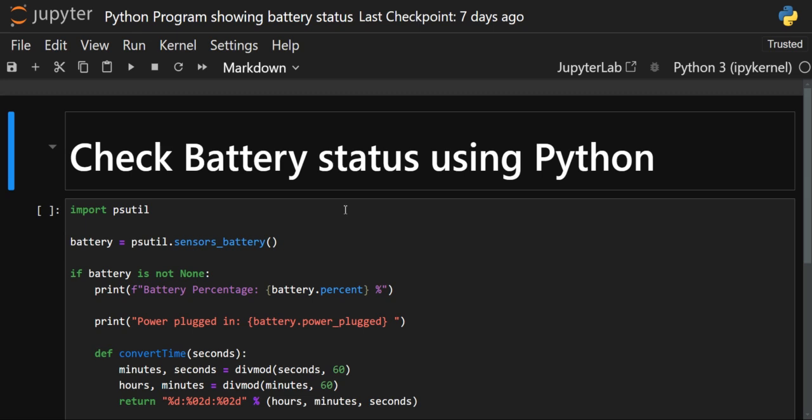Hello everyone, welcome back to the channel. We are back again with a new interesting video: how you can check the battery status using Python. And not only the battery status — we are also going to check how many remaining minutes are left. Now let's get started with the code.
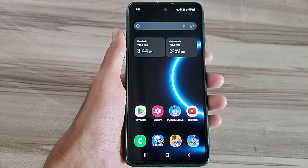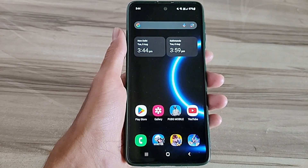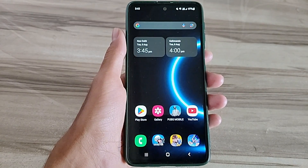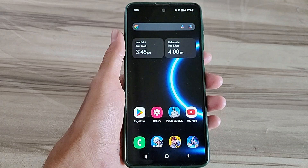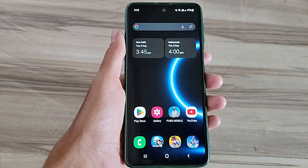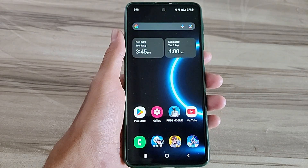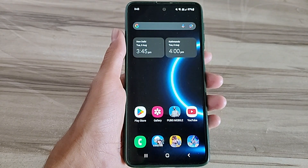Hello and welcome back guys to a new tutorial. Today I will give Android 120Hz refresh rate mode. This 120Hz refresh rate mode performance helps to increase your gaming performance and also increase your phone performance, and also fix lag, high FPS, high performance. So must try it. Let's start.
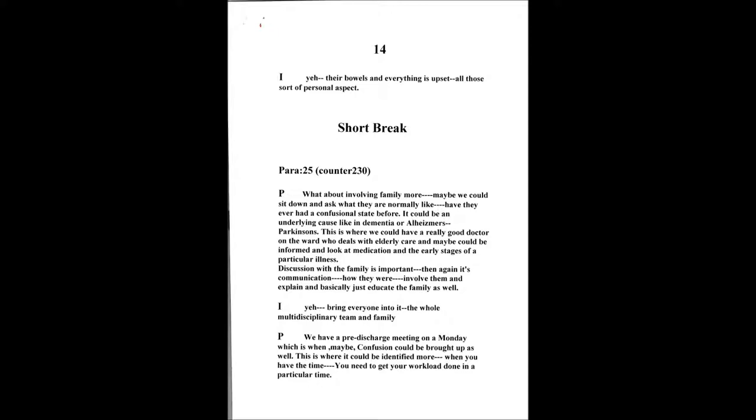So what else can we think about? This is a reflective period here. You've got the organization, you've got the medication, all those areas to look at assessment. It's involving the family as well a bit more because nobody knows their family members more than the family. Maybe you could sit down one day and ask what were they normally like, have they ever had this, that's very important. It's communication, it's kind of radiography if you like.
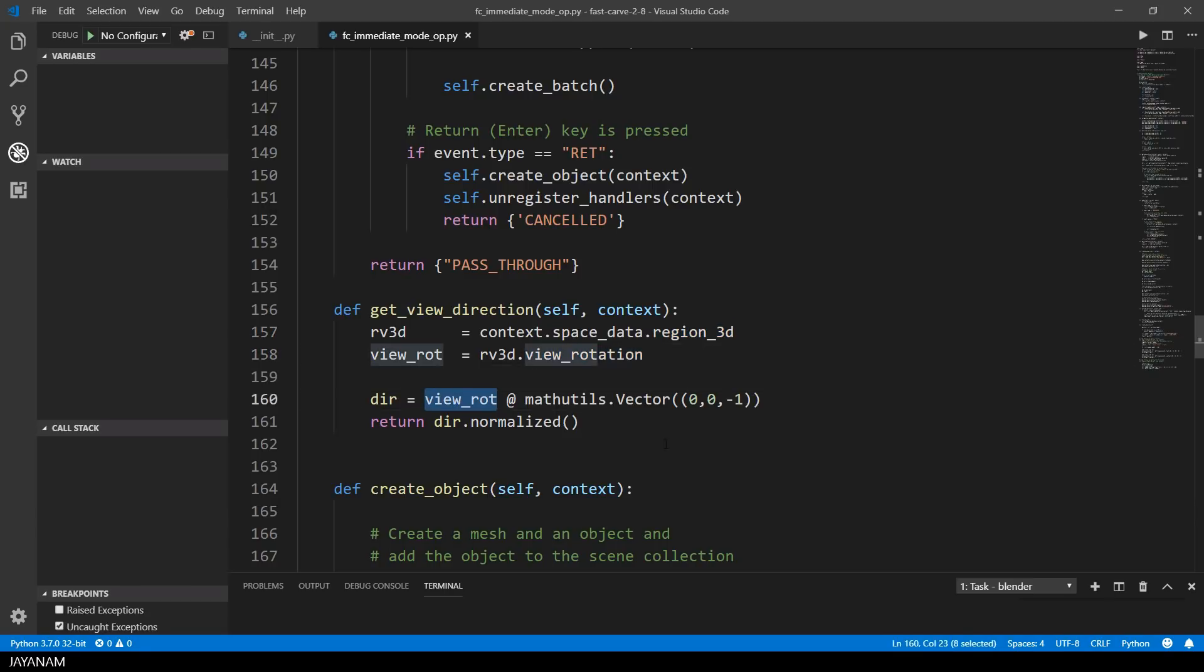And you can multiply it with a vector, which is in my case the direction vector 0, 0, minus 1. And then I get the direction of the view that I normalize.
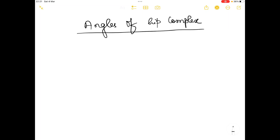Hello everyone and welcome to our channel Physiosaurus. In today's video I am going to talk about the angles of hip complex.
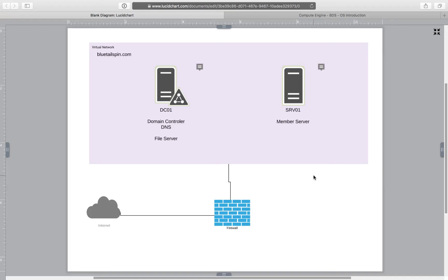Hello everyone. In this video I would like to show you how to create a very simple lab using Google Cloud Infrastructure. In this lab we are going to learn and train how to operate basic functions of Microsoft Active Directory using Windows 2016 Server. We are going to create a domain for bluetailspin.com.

▸ Exercise aim
The expected output is the exact run of lines from the first line of the material above through the line that contains "Hello and welcome", minus any pictures.

▸ Output of the task
Hello everyone, welcome back to the channel. We are back again with a new interesting video: how you can check the battery status using Python. And not only the battery status — we are also going to check how many remaining minutes are left. Now let's get started with the code.
Hello and welcome back guys to a new tutorial. Today I will give Android 120Hz refresh rate mode. This 120Hz refresh rate mode performance helps to increase your gaming performance and also increase your phone performance, and also fix lag, high FPS, high performance. So must try it. Let's start.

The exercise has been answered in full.